China's August iron ore imports jump on growing supply, stable demand
BEIJING, Sept 8 (Reuters) - China's iron ore imports rose again in August to a 19-month high, customs data showed on Sunday, boosted by rebounding supplies from big miners and mills replenishing inventory as demand stabilised.
Arrivals of the steelmaking raw material totalled 94.85 million tonnes last month, up 4.2% from 91.02 million tonnes in July, to mark the highest level of imports since January 2018.
For the first eight months of 2019, China's imports of iron ore reached 684.9 million tonnes, down from 710 million tonnes in the same period last year.
"Conditions for seaborne shipments in August to China were steady as big miners have resumed production," Zhao Xiaobo, an analyst with Sinosteel Futures, said prior to the data's release.

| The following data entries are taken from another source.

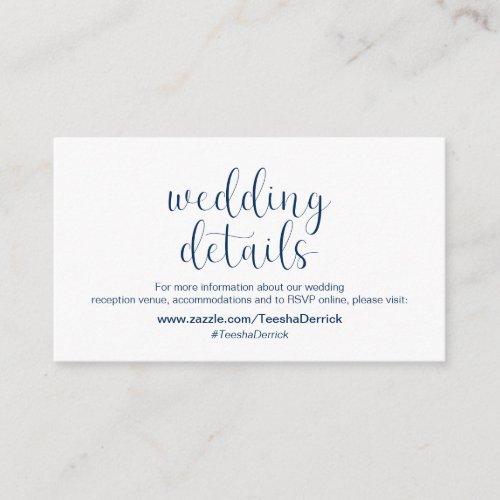 Minimal Navy blue font Wedding Details Enclosure Card
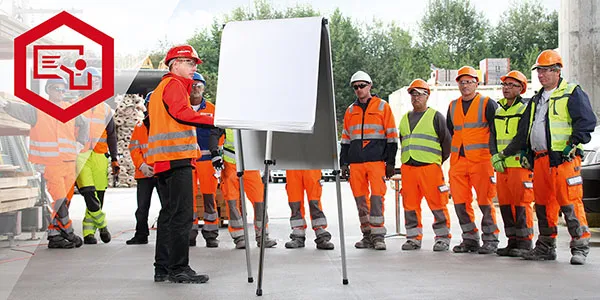 Meeting with construction workers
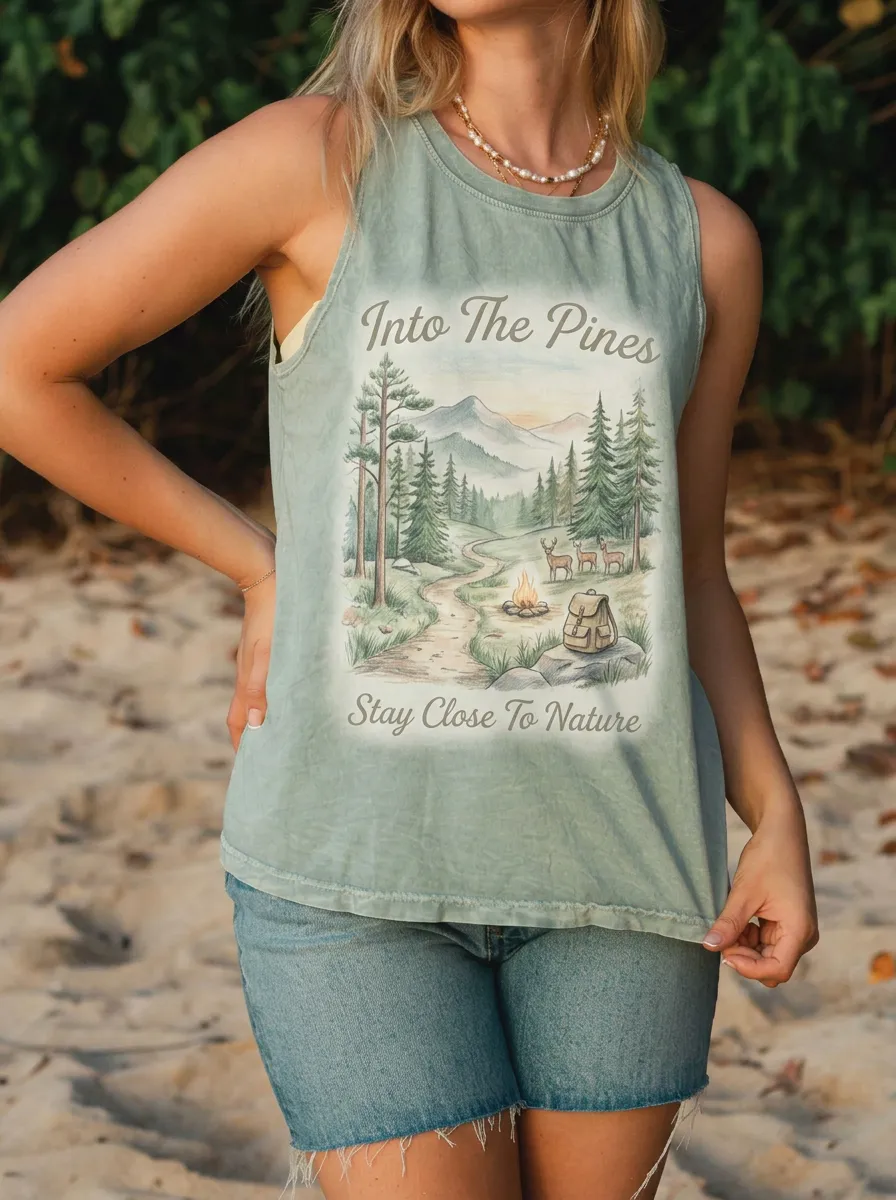 Women's Nature Lover Forest Deer Campfire Printed Tank Top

China's iron ore imports rebounded 21% in July as shipments grew from big miners in Australia and Brazil, pushing inventory of imported iron ore at Chinese ports to 125.25 million tonnes by the end of August, according to data compiled by SteelHome consultancy. Some market watchers had speculated demand for iron ore could ease in August due to China's anti-pollution measures, as especially as Beijing looks to cut smog in the country's north ahead of Oct. 1 celebrations for modern China's 70th anniversary.
Mills and other industrial firms in major steelmaking cities have been asked to cut operations throughout September, but the curbs were almost in line with August and more lenient than expected.

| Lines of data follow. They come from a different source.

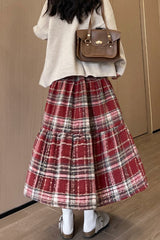 Wool Blend Tiered Plaid Christmas Skirt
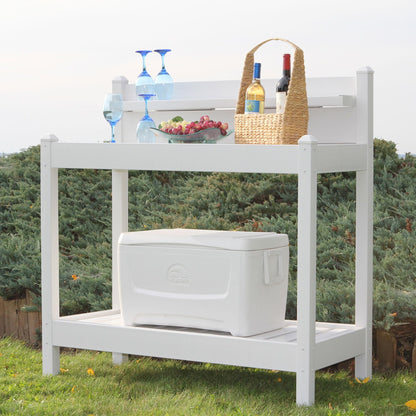 DuraTrel Greenfield PVC Vinyl Indoor Outdoor Table Potting Bench Station with Shelf for Plant Accessories & Gardening Supplies Storage, White - CookCave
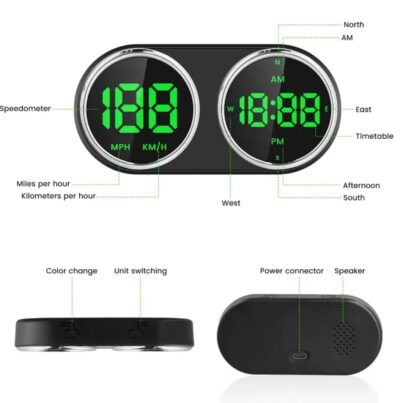 GPS Heads Up Display for Cars Digital Dashboard Speedomete with MPH/KMH, Universal HUD Display Car with 2M USB Cable and Clock, QC3.0 Fast Charger, Plug & Play for Car Boat Truck Motor SUV Golf Cart - Image 8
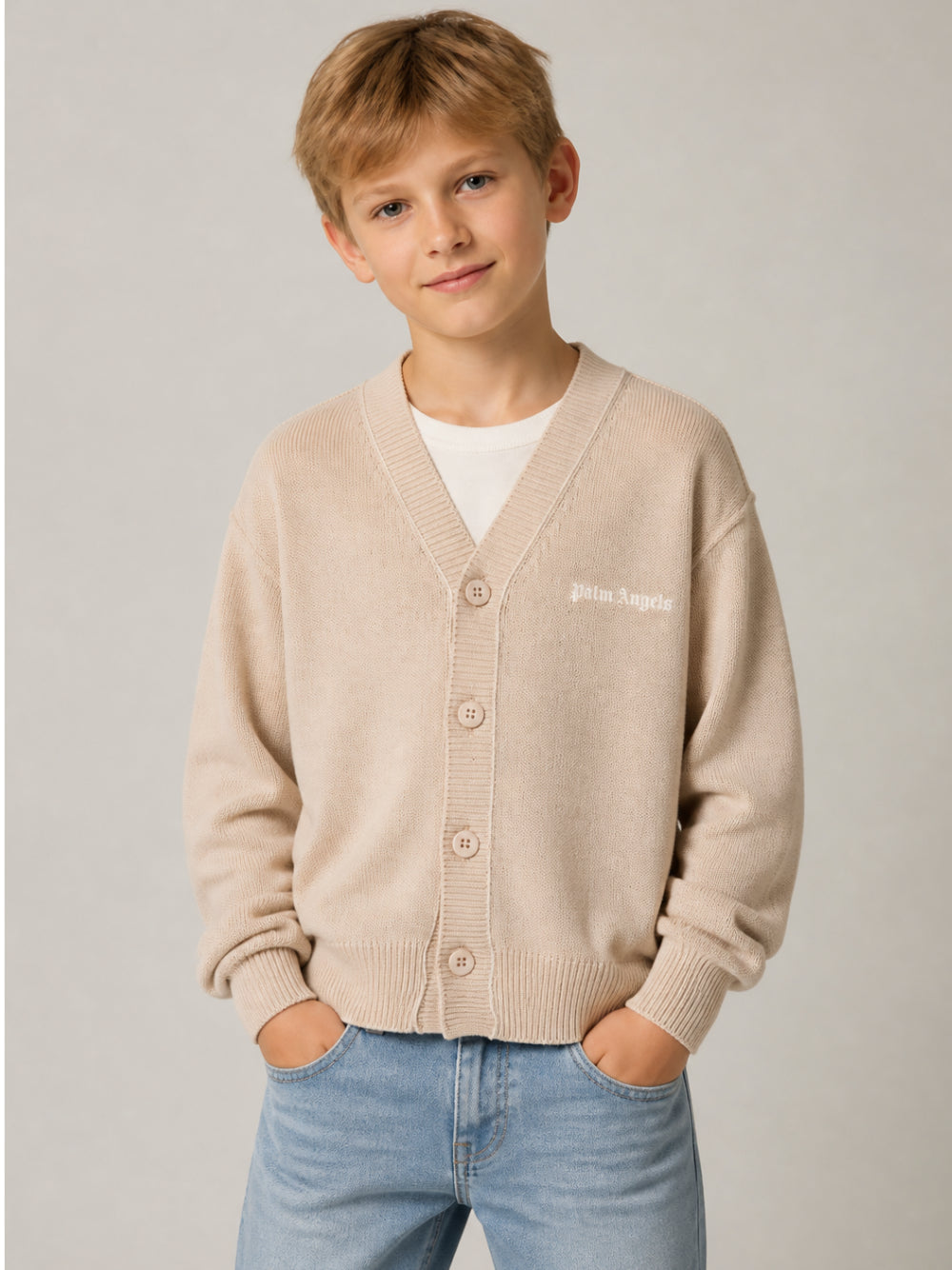Cardigan per bambino Palm Angels KIds beige con logo ricamato sul davanti F6PAJBCA150 1531 PALM ANGELS KIDS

"It is possible that big mills will be asked to implement additional temporary production restrictions pending the air quality this month," Zhao said.
"Demand for steel and its raw materials in this September to October may not be as robust as previous years, especially as China is also restraining its real estate market."
Utilisation rates at steel mills across the country were at
68.23% this week as of Sept.5, picked up slightly from the end
of Aug., data compiled by Mysteel Consultancy showed.